I'm going to have to give these a try!
So what did I come up with....in the nick of time as the rest of the family were fast consuming my box of Soreen? I decided to make a Soreen Banoffee Pie.
I went for a quick and simple recipe. I'd not actually made banoffee pie before but I knew it had a base, then a toffee filling with bananas and cream on top. I used a Banana flavoured Soreen loaf for the base and decided not to add bananas. It wasn't a complete success, I'll explain why in a minute, but it did taste yummy and I would make it again with a little adjustment or two.
Soreen Banoffee Pie.
1 loaf of Banana Soreen
1 can of Carnation Caramel
300ml double cream
To make the base of the pie I whizzed up the Banana Soreen loaf into crumbs (sacrilege, I know)

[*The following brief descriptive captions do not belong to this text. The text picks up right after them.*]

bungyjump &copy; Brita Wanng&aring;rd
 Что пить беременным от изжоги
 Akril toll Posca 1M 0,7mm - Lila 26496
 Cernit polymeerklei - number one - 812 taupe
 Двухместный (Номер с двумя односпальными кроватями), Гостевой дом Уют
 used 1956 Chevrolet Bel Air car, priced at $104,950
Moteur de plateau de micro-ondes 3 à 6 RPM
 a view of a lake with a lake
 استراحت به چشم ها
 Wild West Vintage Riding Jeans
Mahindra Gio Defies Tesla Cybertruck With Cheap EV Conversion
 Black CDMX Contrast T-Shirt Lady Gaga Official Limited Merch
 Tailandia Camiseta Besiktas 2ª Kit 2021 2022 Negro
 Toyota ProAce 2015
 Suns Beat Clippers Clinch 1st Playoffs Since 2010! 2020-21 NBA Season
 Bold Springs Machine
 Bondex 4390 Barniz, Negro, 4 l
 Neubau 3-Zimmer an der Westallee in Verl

I melted the butter in a pan and then added the Soreen breadcrumbs and mixed them together.
I squashed the mix into a small tin (7in) which I'd lined with foil...the idea was I could lift it easily out of the tin by lifting the foil when it was ready. It would be better to use a loose bottomed tin, but mine were too big. (I guess I could have used two loaves??)
I put the tin in the fridge for about 1/2 hour.
When Mary Berry makes the filling for a banoffee pie she puts the caramel in a pan with muscovado sugar and butter and heats it slowly while stirring for five minutes.
I'm lazy, I read the side of the can of caramel and it said to just put it in the pie and chill for 10 mins. So this is what I did.
Then I whipped up the cream and put it on the top.
When I came to serving the pie the filling was really sloppy and the result was a messy looking pie :(
I so wished I stuck to the Mary Berry recipe, you can't argue with the experts. Or maybe I could have just chilled it for longer because the next morning the remaining pie looked much firmer! The presentation is important, but this still tasted really nice despite it's floppy look.
Disclaimer: I was sent some Soreen to try out and asked to come up with a new recipe. All thoughts and opinions are my own.